O termo "internet das coisas" começa a ganhar corpo conforme a evolução da tecnologia. Já foi experimentado, atualmente, com os telefones celulares inteligentes e a tendência é que cada vez mais objetos sejam conectados à rede mundial de computadores. Em um futuro não muito distante, serão os eletrodomésticos e os carros, por exemplo. E, já é realidade lá fora, para os medidores de consumo de energia elétrica inteligentes.
Porém, assim como aconteceu com os smartphones, o alerta que se seguiu foi a necessidade de cuidados com a segurança. Antes disso, e hoje ainda, muitas pessoas se preocupavam com a proteção apenas de seus computadores e notebooks contra ataques cibernéticos.
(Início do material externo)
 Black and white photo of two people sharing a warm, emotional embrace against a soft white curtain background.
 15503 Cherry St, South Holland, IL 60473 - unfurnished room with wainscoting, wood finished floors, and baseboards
No entanto, o caminho natural é que os objetos conectados à internet também passem a precisar de cuidados com a segurança.
"O que observamos é que cada vez mais as coisas estão conectadas. Controles remotos, sistemas de controle de automóveis, de energia elétrica, equipamentos médicos para exames remotos. Não necessariamente estes objetos estarão ligados à internet. O sistema de bloqueio de carro roubado, por exemplo, é feito por satélite", observa Mariano Sumrell, diretor de Marketing da AVG, empresa de segurança da informação. Isso não significa, entretanto, que todos estes objetos prescindam de segurança, ele completa.
Para Cézar Taurion, gerente de Novas Tecnologias Aplicadas da IBM Brasil, a "internet das coisas" evolui à medida que também evolui a capacidade computacional e o armazenamento de dados, que podem ser aplicados a pequenos objetos, com preços cada vez menores e maior eficiência energética.
A internet tem potencial de aplicação nos setores de logística, saneamento e energia elétrica, afirma Taurion. Entretanto, uma vez que estes sistemas não estão mais isolados e sim interligados em rede, o desafio da "internet das coisas" é garantir sua segurança. Afinal, falhas também podem representar verdadeiros colapsos no sistema financeiro, de comunicação e no transporte aéreo, por exemplo. "É a chamada ciberguerra", ressalta o gerente.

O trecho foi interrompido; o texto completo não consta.